(Records from a collection)
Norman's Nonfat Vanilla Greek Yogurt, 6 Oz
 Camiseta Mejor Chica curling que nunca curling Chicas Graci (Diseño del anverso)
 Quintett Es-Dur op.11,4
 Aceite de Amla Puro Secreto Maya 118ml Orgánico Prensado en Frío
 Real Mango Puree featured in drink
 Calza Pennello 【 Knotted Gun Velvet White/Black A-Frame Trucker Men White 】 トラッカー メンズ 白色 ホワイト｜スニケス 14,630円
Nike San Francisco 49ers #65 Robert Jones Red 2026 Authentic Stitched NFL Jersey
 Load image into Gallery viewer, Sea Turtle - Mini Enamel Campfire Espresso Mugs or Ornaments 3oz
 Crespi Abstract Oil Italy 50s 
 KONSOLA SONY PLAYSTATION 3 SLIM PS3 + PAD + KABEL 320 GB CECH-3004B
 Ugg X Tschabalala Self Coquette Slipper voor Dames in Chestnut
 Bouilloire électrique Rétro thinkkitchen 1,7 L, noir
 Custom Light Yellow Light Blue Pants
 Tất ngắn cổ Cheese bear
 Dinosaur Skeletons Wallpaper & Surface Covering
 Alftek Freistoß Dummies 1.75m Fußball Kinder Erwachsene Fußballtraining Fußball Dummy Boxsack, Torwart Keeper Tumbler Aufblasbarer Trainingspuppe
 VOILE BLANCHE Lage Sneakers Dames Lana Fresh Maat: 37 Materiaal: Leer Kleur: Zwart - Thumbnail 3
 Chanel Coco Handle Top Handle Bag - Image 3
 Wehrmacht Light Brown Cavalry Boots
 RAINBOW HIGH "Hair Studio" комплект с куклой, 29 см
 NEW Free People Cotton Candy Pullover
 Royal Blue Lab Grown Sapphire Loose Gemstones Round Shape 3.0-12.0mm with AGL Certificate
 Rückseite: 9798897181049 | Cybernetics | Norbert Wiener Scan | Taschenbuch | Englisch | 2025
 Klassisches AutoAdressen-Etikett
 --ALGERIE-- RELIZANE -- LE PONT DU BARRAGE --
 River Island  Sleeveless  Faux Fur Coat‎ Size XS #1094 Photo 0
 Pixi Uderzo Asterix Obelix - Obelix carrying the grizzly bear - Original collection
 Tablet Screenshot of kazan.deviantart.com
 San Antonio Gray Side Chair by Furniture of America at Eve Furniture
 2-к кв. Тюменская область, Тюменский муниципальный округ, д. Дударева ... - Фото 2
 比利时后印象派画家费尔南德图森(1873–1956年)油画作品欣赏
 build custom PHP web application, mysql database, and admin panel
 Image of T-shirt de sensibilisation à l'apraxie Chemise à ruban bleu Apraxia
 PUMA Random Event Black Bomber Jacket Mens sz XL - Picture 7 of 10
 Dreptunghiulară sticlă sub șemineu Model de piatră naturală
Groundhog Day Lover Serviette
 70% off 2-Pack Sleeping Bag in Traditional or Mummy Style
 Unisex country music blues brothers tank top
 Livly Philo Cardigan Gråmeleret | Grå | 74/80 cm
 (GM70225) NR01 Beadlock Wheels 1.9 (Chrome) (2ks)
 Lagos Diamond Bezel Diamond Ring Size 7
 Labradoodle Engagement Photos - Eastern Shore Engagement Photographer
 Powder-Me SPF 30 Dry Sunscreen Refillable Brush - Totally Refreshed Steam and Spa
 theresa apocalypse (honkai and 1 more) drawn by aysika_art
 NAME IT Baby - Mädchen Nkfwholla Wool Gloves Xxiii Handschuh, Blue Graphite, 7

— Problem statement —
Please give an exact copy of the entries above, from the line with "Camiseta Mejor Chica" down to the line with "Alftek Freistoß Dummies", inclusive, and nothing else.

— Finished exercise —
 Camiseta Mejor Chica curling que nunca curling Chicas Graci (Diseño del anverso)
 Quintett Es-Dur op.11,4
 Aceite de Amla Puro Secreto Maya 118ml Orgánico Prensado en Frío
 Real Mango Puree featured in drink
 Calza Pennello 【 Knotted Gun Velvet White/Black A-Frame Trucker Men White 】 トラッカー メンズ 白色 ホワイト｜スニケス 14,630円
Nike San Francisco 49ers #65 Robert Jones Red 2026 Authentic Stitched NFL Jersey
 Load image into Gallery viewer, Sea Turtle - Mini Enamel Campfire Espresso Mugs or Ornaments 3oz
 Crespi Abstract Oil Italy 50s 
 KONSOLA SONY PLAYSTATION 3 SLIM PS3 + PAD + KABEL 320 GB CECH-3004B
 Ugg X Tschabalala Self Coquette Slipper voor Dames in Chestnut
 Bouilloire électrique Rétro thinkkitchen 1,7 L, noir
 Custom Light Yellow Light Blue Pants
 Tất ngắn cổ Cheese bear
 Dinosaur Skeletons Wallpaper & Surface Covering
 Alftek Freistoß Dummies 1.75m Fußball Kinder Erwachsene Fußballtraining Fußball Dummy Boxsack, Torwart Keeper Tumbler Aufblasbarer Trainingspuppe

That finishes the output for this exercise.